Photo © Michael Sommers.

My sister and I just returned from a 3-week trip along the coast of Bahia. One of the largest states in Brazil, Bahia is about the size of France. Although (sadly) there are no high-speed TGV trains to whisk one around, a surprisingly diverse array of transportation options is available. As we were constantly on the move, working our way up and down the coast – Bahia boasts the longest (932 km/580 miles) and one of the most beautiful coastlines in the country – with the exception of airplanes, we sampled them all:


Buses in Brazil link cities and towns of all sizes. They are plentiful, comfortable, and surprisingly punctual. During this trip, we took two types: long-distance expresso buses and local convencional buses.


Expressos, which only hit major towns, are outfitted with plush seats that lean back considerably and complimentary filtered water at the rear (next to the bathroom). The drawback is that they’re air-conditioned, i.e. the windows are hermetically sealed and, in order to counteract the heat emanating from 60 snoozing bodies, the driver proceeds to blast air at glacial temperatures throughout the vehicle. This is why savvy Brazilians travel with caps, hoodies, scarves, thick socks, and even sheets and blankets (yes, even though this is the tropics).
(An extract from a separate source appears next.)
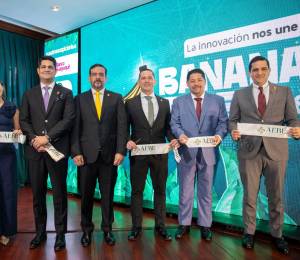 Directivos de AEBE e invitados especiales realizaron el corte de cinta de la inauguración de Banana Time Guayaquil 2026.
Convencionais are more basic (but still moderately plush) buses that operate on local routes. For better or for worse, they’ll stop wherever a passenger wants (even in the middle of nowhere). For this reason, such buses are nicknamed “pinga pingas” – literally “drop drops” (i.e. of water) – because, like a leaky faucet, they’re constantly dropping and picking up passengers (thus making for a longer voyage). On the upside, convencionais are mercifully not air-conditioned; cooling is provided by good, old-fashioned breezes streaming in through the open windows.


Small and medium-sized towns throughout Brazil, particularly in the Northeast, thrive on motorcycle taxis. In fact, many towns boast entire fleets whose drivers (usually young men) huddle together at designated moto-taxi stands, dressed in brightly colored company t-shirts. If you’re traveling light and solo, there’s nothing like sailing over a red dirt road or along a low-tide beach with the wind in your hair (or smacking against your helmet). Don’t be afraid to hold your driver tightly (this won’t be construed as sexual harassment), especially when navigating the inevitable cobblestones, curves, and quebra molas (speed bumps).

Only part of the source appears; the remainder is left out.